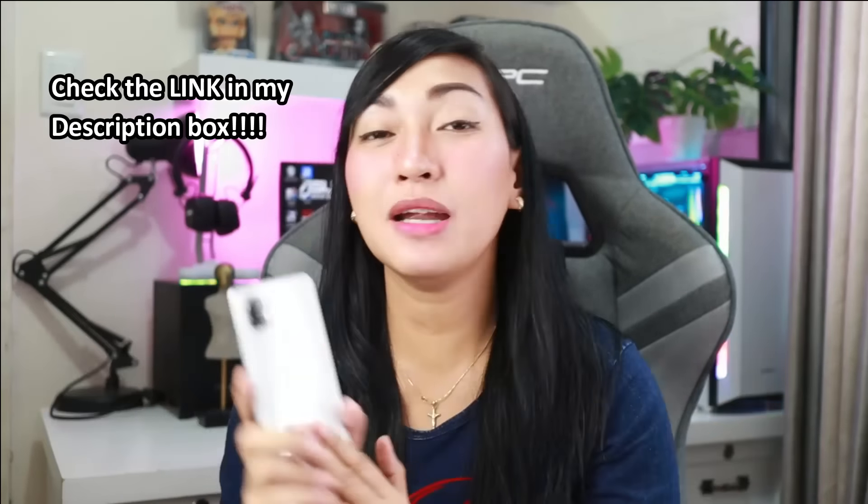So that's it, guys. Thank you so much for watching my video. I hope you learned a lot. Don't forget to like, share this video with your friends, and subscribe to my YouTube channel. See you again in my next video. Bye!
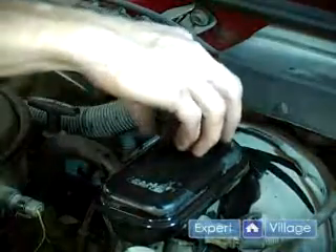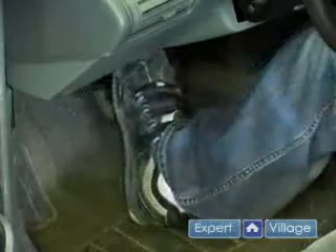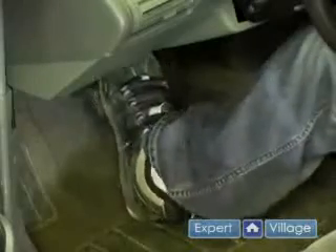And always remember to put the cap back on. Go ahead and step on your brake pedal to make sure that it feels firm. If it still feels spongy, you may need to go around and bleed your brakes one more time.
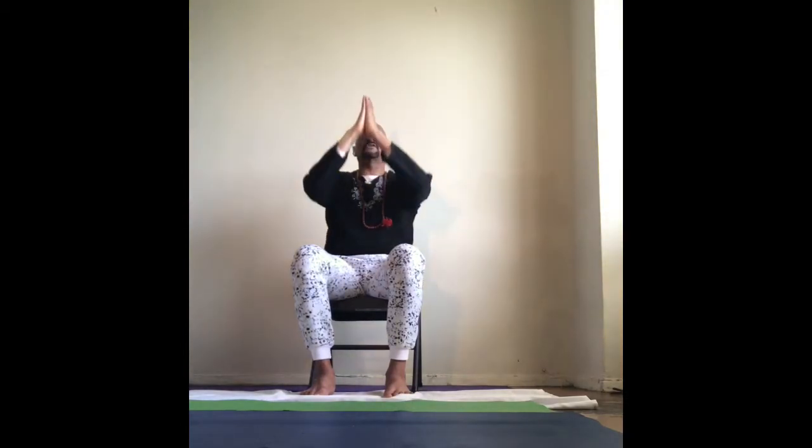Reach the arms up into the air. Place your hands in namaste to your heart. And hands to the side of your body. So we need to get some cardio in. Let's get moving, please.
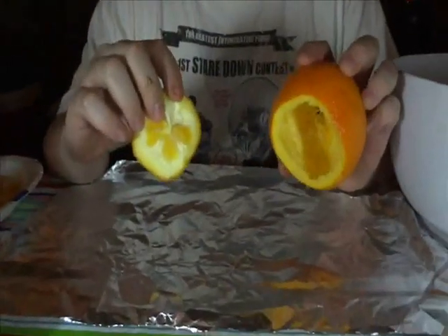Hey. Today, what we're going to be doing, we're going to be making campfire cake cooked inside of an orange.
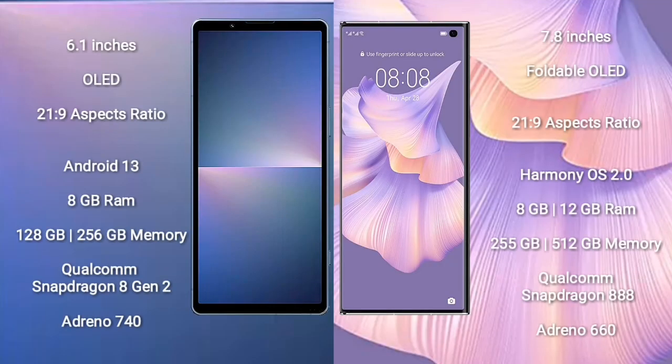Sony Xperia 5 Mark 5 comes with a 6.1-inch OLED display and aspect ratio 21:9, running Android 13. Huawei Mate XS 2 comes with a 7.8-inch foldable OLED display and aspect ratio 21:9.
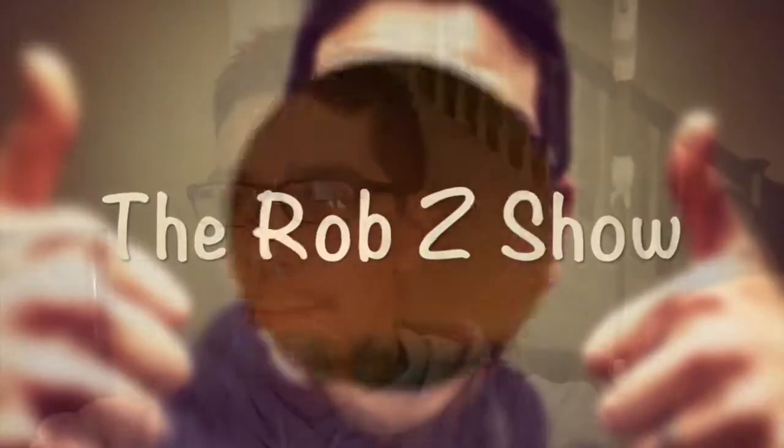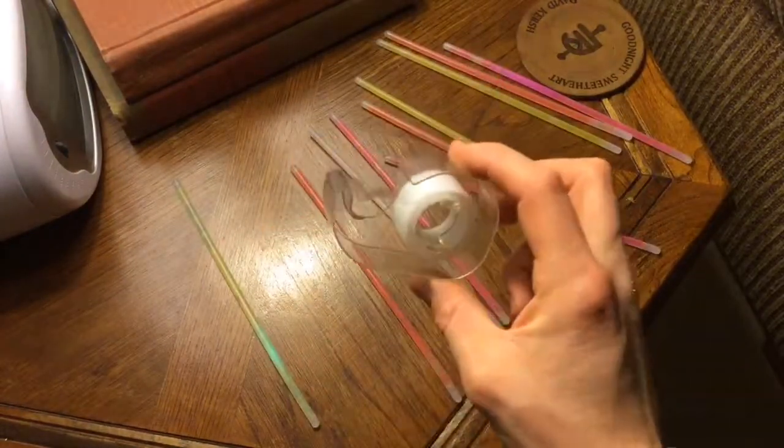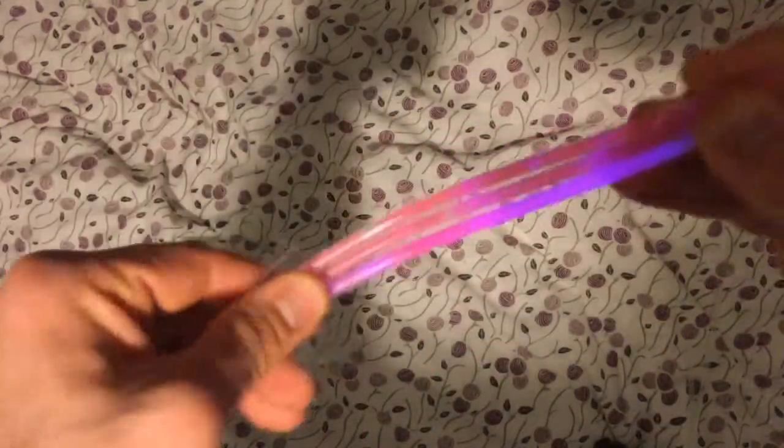Rob Z's life hacks. For this life hack, we're gonna make a rave fan. You're gonna need glow sticks and some scotch tape. Put your glow sticks in threes, twos, whatever, and put some tape on them — nice scotch tape. Tape your glow sticks to your ceiling fan. Obviously I am doing a very shoddy job.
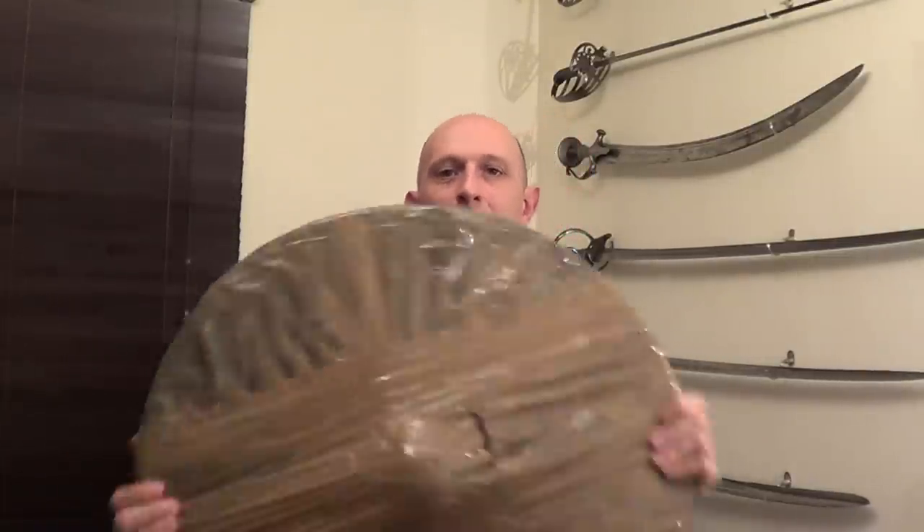Hi guys, Matt Easton here. So here's something I don't do very often but I might do a little bit more in coming weeks — an unboxing, or more specifically in this case an unwrapping.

·····

Aim of the exercise → Output the records above exactly; leave out the pictures.

Result of this task →
So that's it, guys. Thank you so much for watching my video. I hope you learned a lot. Don't forget to like, share this video with your friends, and subscribe to my YouTube channel. See you again in my next video. Bye!
And always remember to put the cap back on. Go ahead and step on your brake pedal to make sure that it feels firm. If it still feels spongy, you may need to go around and bleed your brakes one more time.
Reach the arms up into the air. Place your hands in namaste to your heart. And hands to the side of your body. So we need to get some cardio in. Let's get moving, please.
Hey. Today, what we're going to be doing, we're going to be making campfire cake cooked inside of an orange.
Sony Xperia 5 Mark 5 comes with a 6.1-inch OLED display and aspect ratio 21:9, running Android 13. Huawei Mate XS 2 comes with a 7.8-inch foldable OLED display and aspect ratio 21:9.
Rob Z's life hacks. For this life hack, we're gonna make a rave fan. You're gonna need glow sticks and some scotch tape. Put your glow sticks in threes, twos, whatever, and put some tape on them — nice scotch tape. Tape your glow sticks to your ceiling fan. Obviously I am doing a very shoddy job.
Hi guys, Matt Easton here. So here's something I don't do very often but I might do a little bit more in coming weeks — an unboxing, or more specifically in this case an unwrapping.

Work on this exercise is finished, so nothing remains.